Can Madonna Still Win an Oscar for ‘W.E.’?
The reviews are in! Verdict: “W.E.,” Madonna’s second directorial effort (set for release in early 2012), is apparently the latest in her long string of cinematic disasters.
The film, which, in part, chronicles the romance of American divorcee Wallis Simpson and Britain’s King Edward VIII (sidebar players in the most recent Best Picture Oscar winner, “The King’s Speech”), has earned a 30 percent rating on Rotten Tomatoes, which is dangerously close to “Twilight: Breaking Dawn Part 1″ territory (26 percent).
What an extraordinarily silly, preening, fatally mishandled film this is,” sniffed the Guardian in a one-star review, while the Los Angeles Times wished Madonna would “find other creative outlets for those times when she’s bored with the pop-star life.
Despite its sound critical drubbing, the members of the Hollywood Foreign Press were impressed enough to give the film two Golden Globe nominations, for Best Original Score and Best Original Song for “Masterpiece,” which plays as the “W.E.” credits roll.

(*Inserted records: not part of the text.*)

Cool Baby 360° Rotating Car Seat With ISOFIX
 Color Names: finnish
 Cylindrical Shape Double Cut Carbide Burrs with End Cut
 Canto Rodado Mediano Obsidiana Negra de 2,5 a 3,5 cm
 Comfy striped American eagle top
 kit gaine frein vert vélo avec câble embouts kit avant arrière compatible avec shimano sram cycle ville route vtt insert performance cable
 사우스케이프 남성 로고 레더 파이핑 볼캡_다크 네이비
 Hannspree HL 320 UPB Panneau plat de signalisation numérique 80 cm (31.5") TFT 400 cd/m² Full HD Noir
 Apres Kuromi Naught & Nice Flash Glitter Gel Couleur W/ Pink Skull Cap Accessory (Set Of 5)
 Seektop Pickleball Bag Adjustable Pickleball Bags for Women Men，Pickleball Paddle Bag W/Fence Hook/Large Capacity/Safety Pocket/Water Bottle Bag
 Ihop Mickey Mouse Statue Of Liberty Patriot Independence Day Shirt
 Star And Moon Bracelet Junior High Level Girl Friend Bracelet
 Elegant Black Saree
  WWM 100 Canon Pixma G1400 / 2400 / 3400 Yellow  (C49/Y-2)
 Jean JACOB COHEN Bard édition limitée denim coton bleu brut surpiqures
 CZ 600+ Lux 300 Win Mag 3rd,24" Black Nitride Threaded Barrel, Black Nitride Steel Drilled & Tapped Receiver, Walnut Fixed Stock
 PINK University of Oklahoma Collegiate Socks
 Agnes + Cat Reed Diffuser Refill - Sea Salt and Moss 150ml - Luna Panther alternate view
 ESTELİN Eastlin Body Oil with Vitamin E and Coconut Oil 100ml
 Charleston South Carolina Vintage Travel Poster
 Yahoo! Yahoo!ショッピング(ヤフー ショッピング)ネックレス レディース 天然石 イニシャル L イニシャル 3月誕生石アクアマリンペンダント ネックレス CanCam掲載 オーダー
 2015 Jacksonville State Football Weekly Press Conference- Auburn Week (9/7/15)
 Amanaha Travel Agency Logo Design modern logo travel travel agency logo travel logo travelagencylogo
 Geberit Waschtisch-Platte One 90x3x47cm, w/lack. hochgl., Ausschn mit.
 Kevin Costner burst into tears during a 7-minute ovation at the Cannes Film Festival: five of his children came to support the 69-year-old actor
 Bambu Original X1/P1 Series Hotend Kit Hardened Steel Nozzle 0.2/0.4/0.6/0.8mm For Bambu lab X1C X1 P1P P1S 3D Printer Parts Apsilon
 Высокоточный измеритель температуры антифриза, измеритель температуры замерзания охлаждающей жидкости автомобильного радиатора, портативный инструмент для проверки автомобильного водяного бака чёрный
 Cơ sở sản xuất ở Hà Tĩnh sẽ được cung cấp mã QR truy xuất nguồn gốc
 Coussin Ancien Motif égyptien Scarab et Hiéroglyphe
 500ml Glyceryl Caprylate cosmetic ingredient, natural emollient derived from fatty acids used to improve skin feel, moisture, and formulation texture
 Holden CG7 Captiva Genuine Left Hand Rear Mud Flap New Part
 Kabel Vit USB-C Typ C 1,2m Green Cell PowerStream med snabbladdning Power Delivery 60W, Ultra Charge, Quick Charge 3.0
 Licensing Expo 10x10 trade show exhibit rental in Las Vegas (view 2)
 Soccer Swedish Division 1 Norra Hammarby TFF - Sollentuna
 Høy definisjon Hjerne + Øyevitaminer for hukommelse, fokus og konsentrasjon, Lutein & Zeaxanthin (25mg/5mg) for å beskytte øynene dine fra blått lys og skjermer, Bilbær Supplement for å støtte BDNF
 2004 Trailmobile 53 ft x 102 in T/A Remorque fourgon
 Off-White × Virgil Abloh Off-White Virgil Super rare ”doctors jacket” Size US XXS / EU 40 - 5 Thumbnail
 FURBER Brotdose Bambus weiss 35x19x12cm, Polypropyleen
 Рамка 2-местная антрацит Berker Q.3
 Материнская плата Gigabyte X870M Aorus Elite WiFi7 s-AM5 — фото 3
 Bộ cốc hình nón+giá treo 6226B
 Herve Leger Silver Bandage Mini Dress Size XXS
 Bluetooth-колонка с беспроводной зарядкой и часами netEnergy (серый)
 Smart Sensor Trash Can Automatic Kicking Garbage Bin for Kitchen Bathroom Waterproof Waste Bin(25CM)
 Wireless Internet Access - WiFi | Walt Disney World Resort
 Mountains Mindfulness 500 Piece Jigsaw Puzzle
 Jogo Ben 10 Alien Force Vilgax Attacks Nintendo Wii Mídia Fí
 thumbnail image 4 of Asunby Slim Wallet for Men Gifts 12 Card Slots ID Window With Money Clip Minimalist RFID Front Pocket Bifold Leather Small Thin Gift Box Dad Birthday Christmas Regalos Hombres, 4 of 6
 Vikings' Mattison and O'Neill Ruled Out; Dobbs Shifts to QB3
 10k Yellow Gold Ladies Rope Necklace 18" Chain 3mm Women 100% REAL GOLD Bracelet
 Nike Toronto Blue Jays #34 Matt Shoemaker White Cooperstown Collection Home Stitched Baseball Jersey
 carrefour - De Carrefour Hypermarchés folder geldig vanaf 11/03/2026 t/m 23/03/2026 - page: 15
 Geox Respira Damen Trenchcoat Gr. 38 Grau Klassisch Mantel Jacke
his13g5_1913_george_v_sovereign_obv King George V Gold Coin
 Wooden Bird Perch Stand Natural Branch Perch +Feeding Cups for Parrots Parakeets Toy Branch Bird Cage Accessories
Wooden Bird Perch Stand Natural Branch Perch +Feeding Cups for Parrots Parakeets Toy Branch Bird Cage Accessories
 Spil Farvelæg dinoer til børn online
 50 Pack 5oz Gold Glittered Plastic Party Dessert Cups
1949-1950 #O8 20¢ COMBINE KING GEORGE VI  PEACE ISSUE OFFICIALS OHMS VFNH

Those might not be as impressive as Best Actress in Motion Picture Comedy Or Musical — the category Madonna won for “Evita” in 1997 — but two nominations are certainly better than none.
In the Best Original Song category, she’ll face big-name competition from Elton John (“Hello Hello” from “Gnomeo and Juliet”), Chris Cornell (“The Keeper” from “Machine Gun Preacher”), Mary J. Blige (“The Living Proof” from “The Help”) and Glenn Close (the Sinead O’Connor-sung “Lay My Head Down,” for which Close wrote the lyrics, from “Albert Nobbs”).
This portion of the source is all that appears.